I don’t entirely agree with his views of early child development (humans are relational beings from the start), but I do believe Eberwein’s approach is helpful in highlighting a powerful dimension of dreaming energy that becomes activated when watching a movie.  Indeed, I believe this argument can be made even more strongly in relation to attending a live theatrical performance, where the visceral immediacy of the drama comes closer than any other art form to invoking the startling beauty and electric intensity of an actual dream.  In a play, the audience and actors share an imaginal space they create and hold together.  Within this space, a story emerges that grows and takes a unique shape according to their dynamic interactions during the performance–the live presence of the actors intensifying the emotional responses of the audience, and the live presence of the audience stimulating the creative talents of the actors.  The best plays are like the best dreams: surprising, decentering, mind-expanding, awe-inspiring, emotionally exhausting, and acutely memorable.  They are unreal, yet realer than real; retreats into fantasy that catapult us into fresh engagement with the world.

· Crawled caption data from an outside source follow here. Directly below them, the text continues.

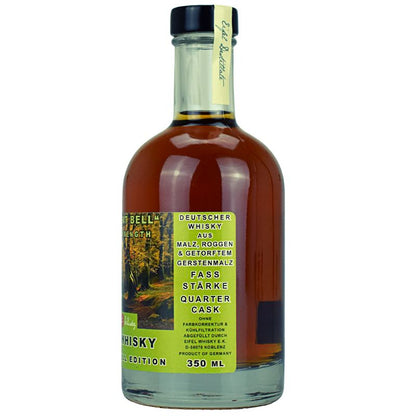 Eifel Whisky The Peat Bell
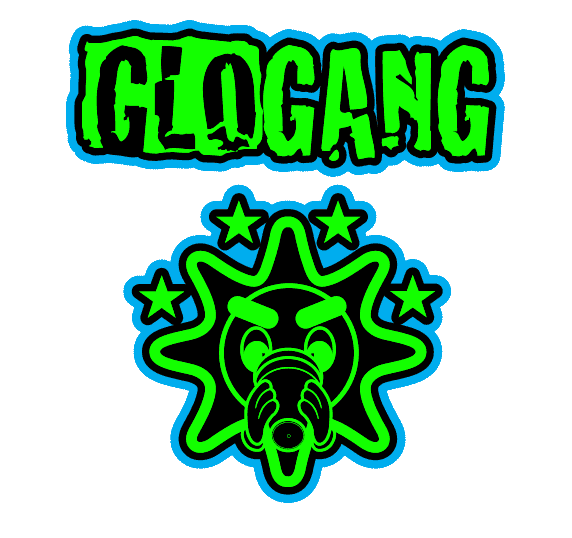 Chief Keef Heart Sticker by Glo Mula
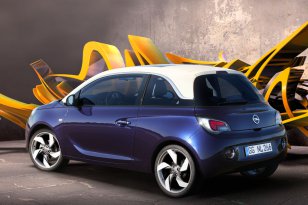Opel Adam 2013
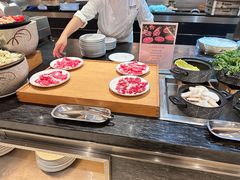 -博林天瑞喜来登酒店·西丽尚膳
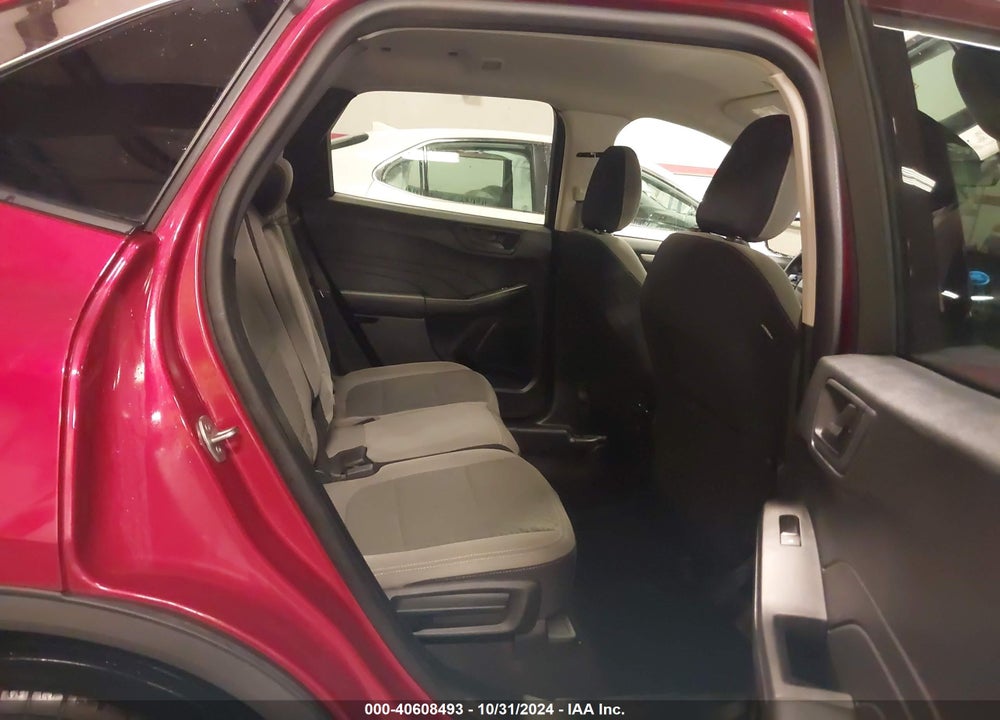 2022 FORD ESCAPE SE VIN: 1FMCU9G68NUB88245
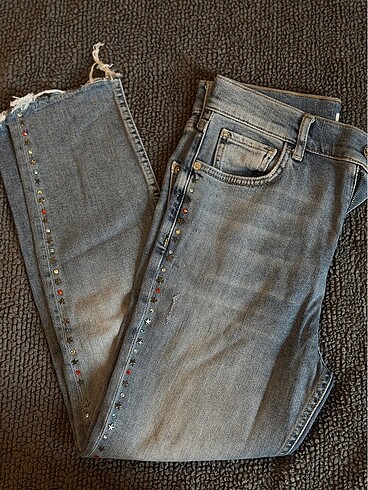 Twist jean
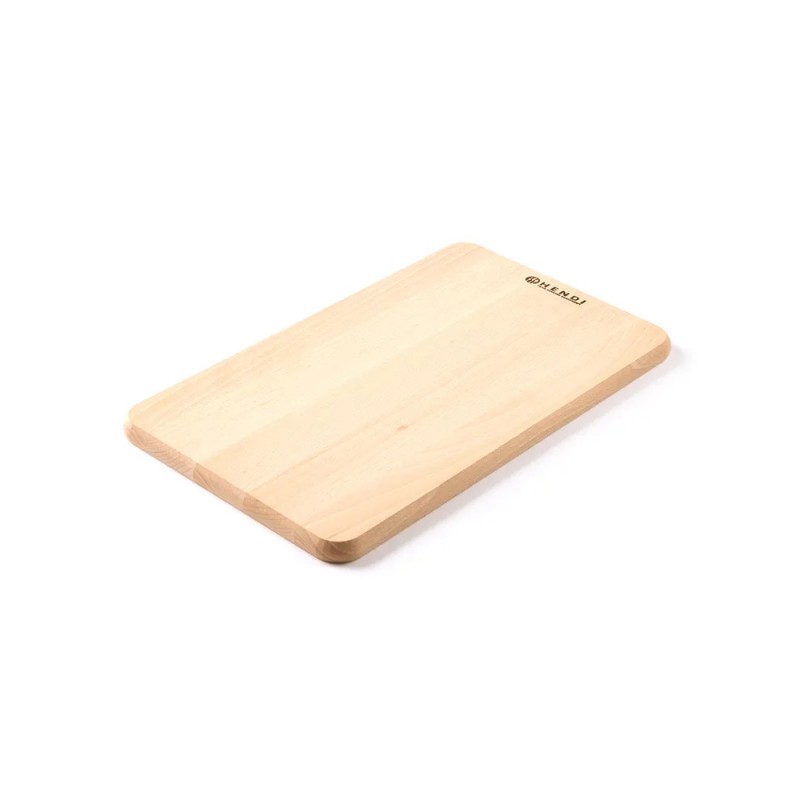 Deska drewniana do krojenia chleba 340x200x14 mm [505007]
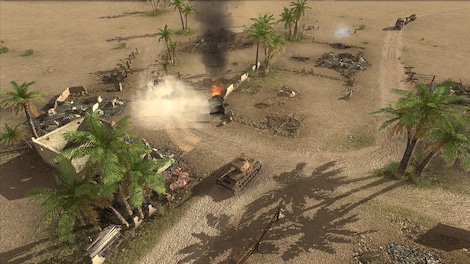 Theatre of War 2: Africa 1943 Steam Gift EUROPE - 11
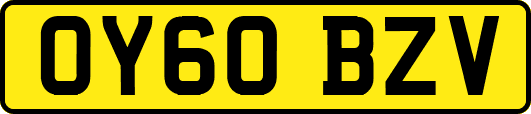OY60BZV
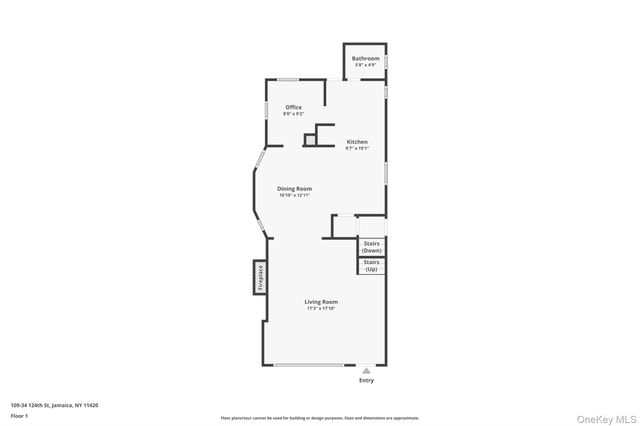 10934 124th Street, South Ozone Park, NY 11420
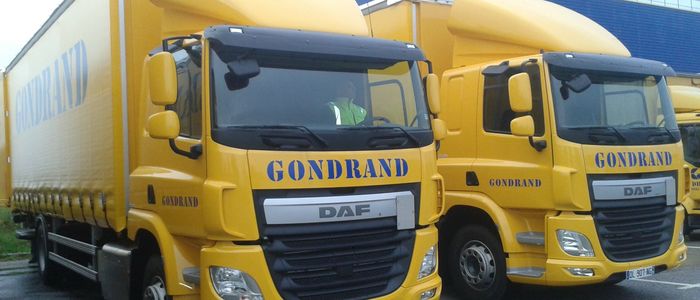 Entrepot logistique
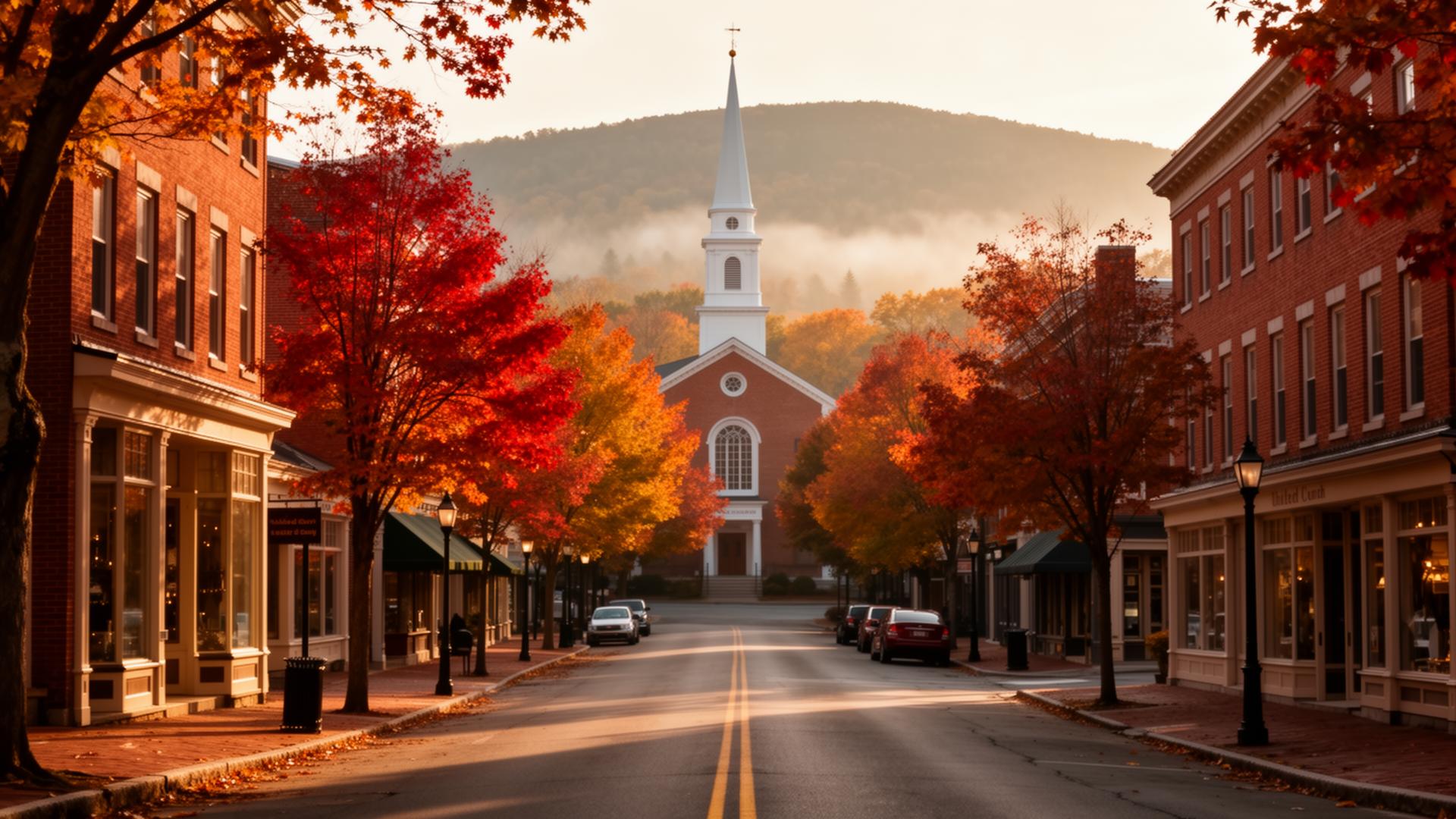 Keene, New Hampshire — A Photographer's Quiet Paradise
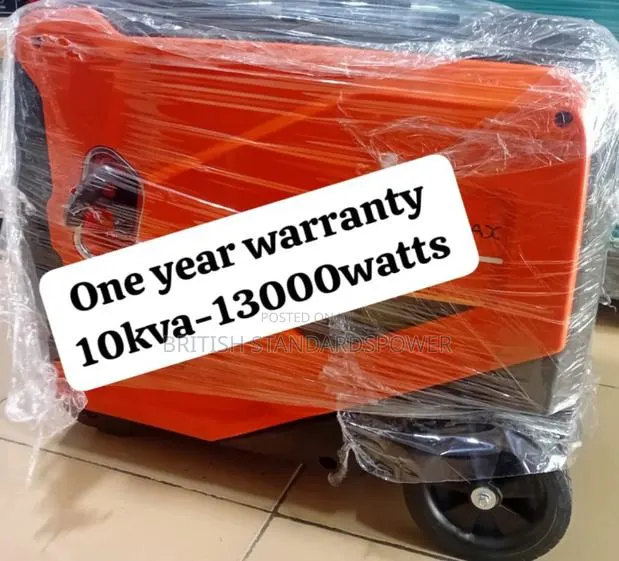 Outmoded 10kva Inventer Petrol Generator · Photo 1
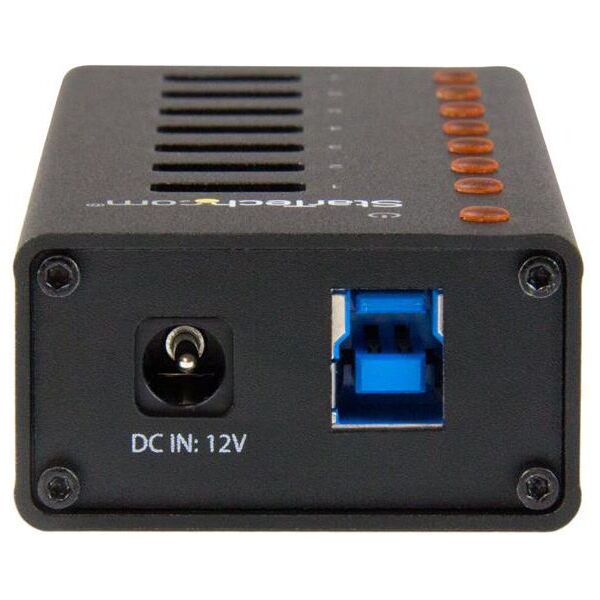 HUB USB StarTech 7x USB-A 3.0 (ST7300U3M)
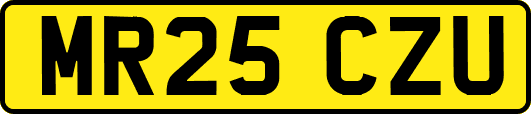 MR25CZU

Dreaming and Theater: A Dynamic Connection by Kelly Bulkeley

Last year I joined the board of directors of the Oregon Shakespeare Festival in Ashland, Oregon, where some of the greatest theater on the planet is being created and performed.  From February to November, eleven plays (usually 4-5 by Shakespeare, one big musical, and the rest original commissions for OSF) are presented in three interconnected theaters.  The 2017 season performances began a few weeks ago, and just recently the 2018 season was announced, with favorable attention to OSF’s passionate commitment to presenting plays, both classic and new, that reflect the full range and diversity of the world in which we live today.  I’m very excited to do what I can to support the members of this amazing artistic community as they weave dreams and cast dramaturgical spells that transport audiences into imaginative spheres of beauty, wonder, and fiercely relevant insight.

 

Notes:

I wrote more about the Golitsyno experiences in a chapter titled “Dreaming in Russia, August 1991,” in my 1999 book Visions of the Night (SUNY Press).  My roommate at the conference center, Michael Dupre, wrote about his experiences in a 1992 article titled “Russia. Dreaming. Liberation.” (Dreaming 2(2): 123-134).

The Jung quotes come from the 2010 book Children’s Dreams (Princeton University Press).

The Perls quotes come from the 1970 book Gestalt Therapy Now (Harper).

In a future post I will write in more detail about the work of Robert Bosnak, who organized the “Dreaming in Russia” conference and who has done extensive work connecting dreams and theater, and Janet Sonenberg, who wrote the 2003 book Dreamwork for Actors and who has worked with Bosnak in theatrical contexts.

This essay first appeared in the Huffington Post on April 4, 2017, and has been slightly revised.